Your objective.
The expected output is the line with "Dodatkowo prezentujemy tu" plus all lines after it to the end of the material below, reproduced exactly, with pictures omitted and nothing else included.

Dataset section.
···

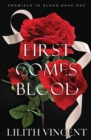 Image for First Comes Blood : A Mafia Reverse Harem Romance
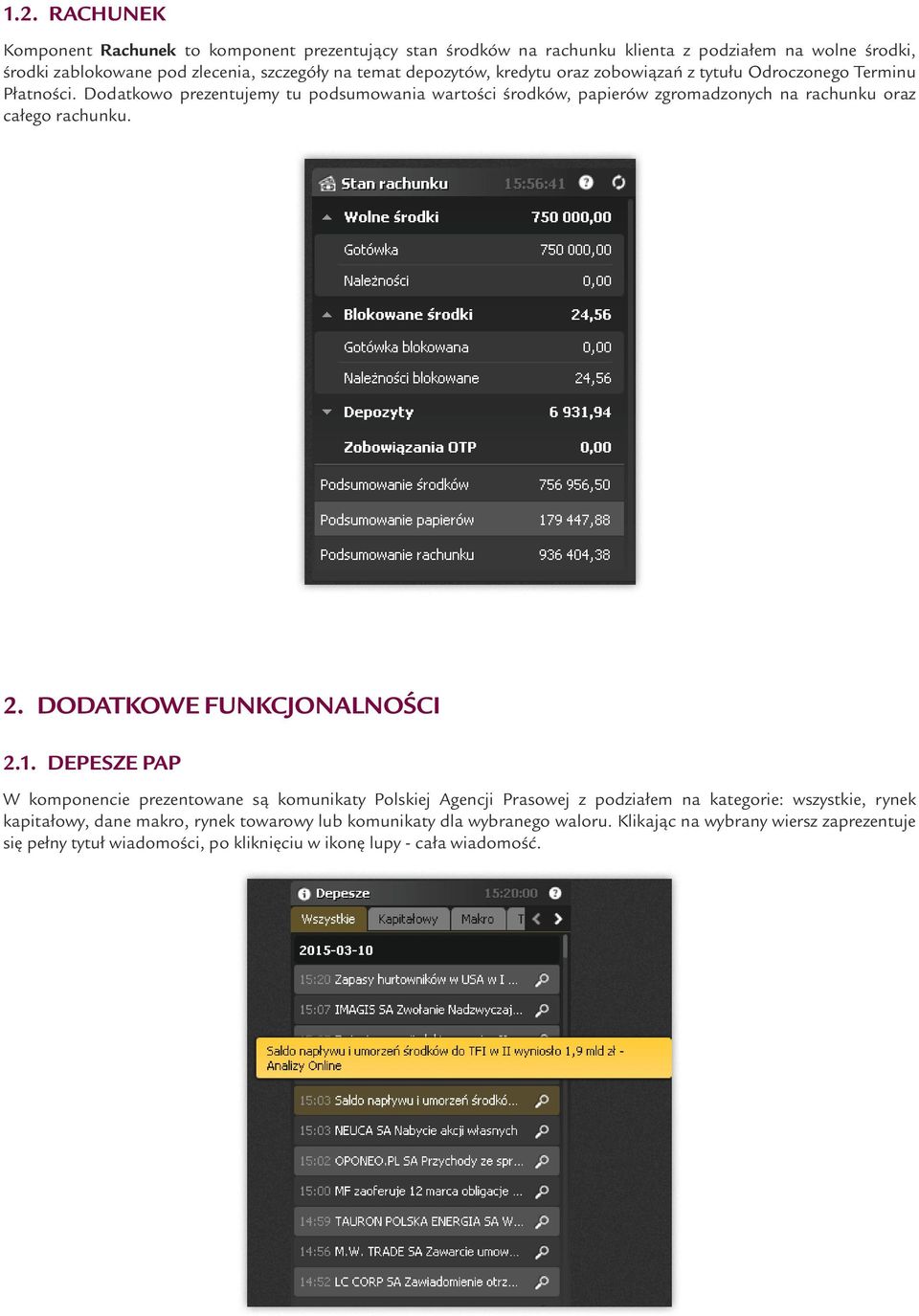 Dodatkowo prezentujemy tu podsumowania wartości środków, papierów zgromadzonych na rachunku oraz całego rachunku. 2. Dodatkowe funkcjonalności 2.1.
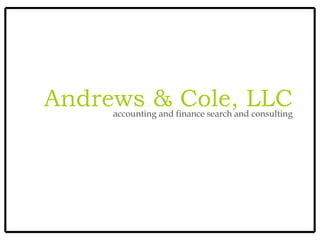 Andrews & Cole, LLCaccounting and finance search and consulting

···

Written reply.
 Dodatkowo prezentujemy tu podsumowania wartości środków, papierów zgromadzonych na rachunku oraz całego rachunku. 2. Dodatkowe funkcjonalności 2.1.
 Andrews & Cole, LLCaccounting and finance search and consulting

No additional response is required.